The result is a narrative experiment I’ve never seen before. With a simple cut, our characters are replaced by figures from other films, who become, in some spectral fashion, both alien inserts and our characters.

Confused? Here’s an example. Agent C (who will turn out to be Marjorie Cameron, muse of many West Coast artists) is riding with rocket scientist Jack Parsons. A series of shots shows them in the car’s front seat.

As the scene goes on, one character gets replaced by another.

Eventually both of our originals have been replaced.

The stand-ins can even change position as the dialogue continues uninterrupted (but always mis-synchronized).

The cuts make the inserted characters surrogates or avatars for our people, but they retain wisps of their original, enigmatic existence. They also remind us that situations like driving in a car are genre stereotypes, schemas so common that individual instances can serve as place-holders for one another. Yet the shots always return to the original actors, anchoring the associations and keeping at least one plane of the narrative moving forward.

These phantasmagoric shifts make the identity transformations in I’m Not There look labored. In Mock Up on Mu Baldwin may have found a new method of cinematic storytelling. Don’t expect Hollywood to pick it up soon.

Pulling half away

How do you tell your audience what it needs to know to understand what it’s seeing, and what it will see? A film can handle exposition (aka backstory) in several ways. Most films favor concentrated and preliminary exposition: Most information is given in one spot and quite early on. This is when you get the opening dialogue when characters say to one another: “Look, you’re my sister. You can tell me.” (Ohh…They’re sisters.) Concentrated, preliminary exposition is usually clunky, but it can be done with finesse, as in the opening soliloquy of Jerry Maguire.

The major alternative is distributed exposition, where information about the backstory is spread out, evenly or unevenly, across the film.
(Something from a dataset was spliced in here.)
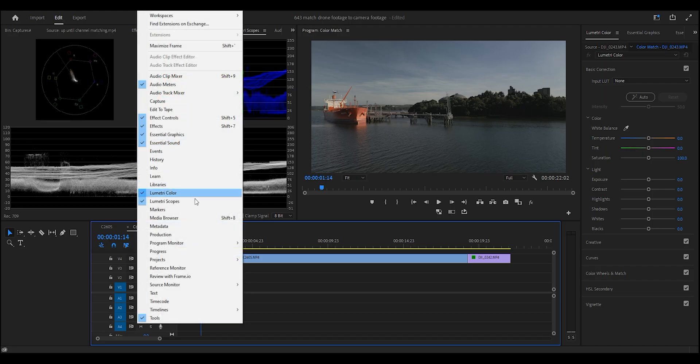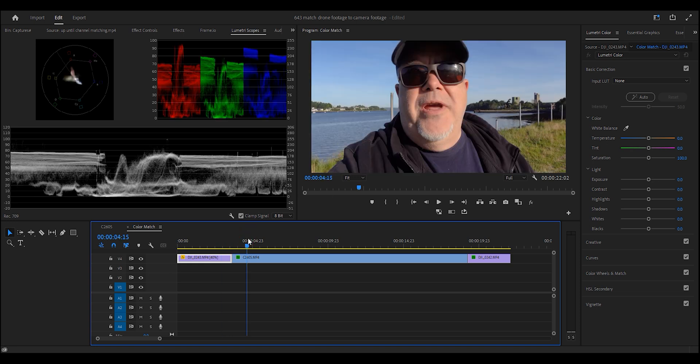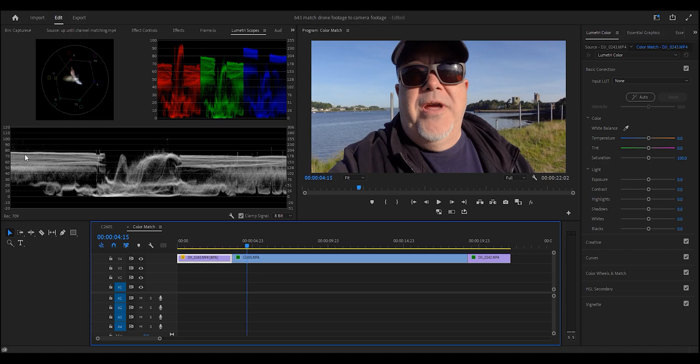First step: we need to have our scopes enabled. In Premiere Pro, go to Window and enable Lumetri Scopes. The scopes are going to change as you look at different clips. This is called Luma — this is how bright the picture is, so that's the exposure essentially. We're going to look at this first. Mine is at around 80 on the talking head part, and that's the clip we're going to use to lead the grade and the correction.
This is common in mystery films (as when, under pressure, characters start to confess their relation to the murder victim) and in “puzzle films” like Memento, where we only gradually understand the relations among the characters. Delayed and distributed exposition in straight dramas is common in European art cinema, but it’s rare in the US, although independent films like Claire Dolan and Man Push Cart have made good use of the technique. Kristin already mentioned a similar strategy at work in Eat, for This Is My Body.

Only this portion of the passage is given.